WHAT YOU ARE ASKED TO DO:
Set every record down again, exactly and completely.

Records from a data source
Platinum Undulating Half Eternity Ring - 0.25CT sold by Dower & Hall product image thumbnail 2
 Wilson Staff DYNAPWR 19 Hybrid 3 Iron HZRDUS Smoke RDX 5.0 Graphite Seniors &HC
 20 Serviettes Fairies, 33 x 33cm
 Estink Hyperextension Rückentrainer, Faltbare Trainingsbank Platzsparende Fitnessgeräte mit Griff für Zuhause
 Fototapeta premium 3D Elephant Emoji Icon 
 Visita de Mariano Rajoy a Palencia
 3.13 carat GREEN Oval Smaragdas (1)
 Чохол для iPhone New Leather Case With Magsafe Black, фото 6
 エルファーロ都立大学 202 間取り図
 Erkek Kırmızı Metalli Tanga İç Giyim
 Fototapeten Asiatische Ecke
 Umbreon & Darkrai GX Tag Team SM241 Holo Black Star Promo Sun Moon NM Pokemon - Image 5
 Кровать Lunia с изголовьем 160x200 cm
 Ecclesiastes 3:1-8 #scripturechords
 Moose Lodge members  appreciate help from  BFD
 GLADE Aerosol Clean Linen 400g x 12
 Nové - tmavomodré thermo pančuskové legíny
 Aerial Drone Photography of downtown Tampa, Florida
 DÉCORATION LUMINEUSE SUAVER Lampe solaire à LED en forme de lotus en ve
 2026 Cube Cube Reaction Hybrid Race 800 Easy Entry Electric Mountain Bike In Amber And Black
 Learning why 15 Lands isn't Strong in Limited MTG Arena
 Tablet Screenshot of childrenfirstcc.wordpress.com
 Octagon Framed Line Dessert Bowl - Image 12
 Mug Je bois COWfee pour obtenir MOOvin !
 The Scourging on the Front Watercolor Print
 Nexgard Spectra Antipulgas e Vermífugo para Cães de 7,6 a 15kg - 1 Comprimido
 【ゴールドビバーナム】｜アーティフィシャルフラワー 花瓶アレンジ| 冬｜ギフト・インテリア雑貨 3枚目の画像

ANSWER TO THIS EXERCISE:
Platinum Undulating Half Eternity Ring - 0.25CT sold by Dower & Hall product image thumbnail 2
 Wilson Staff DYNAPWR 19 Hybrid 3 Iron HZRDUS Smoke RDX 5.0 Graphite Seniors &HC
 20 Serviettes Fairies, 33 x 33cm
 Estink Hyperextension Rückentrainer, Faltbare Trainingsbank Platzsparende Fitnessgeräte mit Griff für Zuhause
 Fototapeta premium 3D Elephant Emoji Icon 
 Visita de Mariano Rajoy a Palencia
 3.13 carat GREEN Oval Smaragdas (1)
 Чохол для iPhone New Leather Case With Magsafe Black, фото 6
 エルファーロ都立大学 202 間取り図
 Erkek Kırmızı Metalli Tanga İç Giyim
 Fototapeten Asiatische Ecke
 Umbreon & Darkrai GX Tag Team SM241 Holo Black Star Promo Sun Moon NM Pokemon - Image 5
 Кровать Lunia с изголовьем 160x200 cm
 Ecclesiastes 3:1-8 #scripturechords
 Moose Lodge members  appreciate help from  BFD
 GLADE Aerosol Clean Linen 400g x 12
 Nové - tmavomodré thermo pančuskové legíny
 Aerial Drone Photography of downtown Tampa, Florida
 DÉCORATION LUMINEUSE SUAVER Lampe solaire à LED en forme de lotus en ve
 2026 Cube Cube Reaction Hybrid Race 800 Easy Entry Electric Mountain Bike In Amber And Black
 Learning why 15 Lands isn't Strong in Limited MTG Arena
 Tablet Screenshot of childrenfirstcc.wordpress.com
 Octagon Framed Line Dessert Bowl - Image 12
 Mug Je bois COWfee pour obtenir MOOvin !
 The Scourging on the Front Watercolor Print
 Nexgard Spectra Antipulgas e Vermífugo para Cães de 7,6 a 15kg - 1 Comprimido
 【ゴールドビバーナム】｜アーティフィシャルフラワー 花瓶アレンジ| 冬｜ギフト・インテリア雑貨 3枚目の画像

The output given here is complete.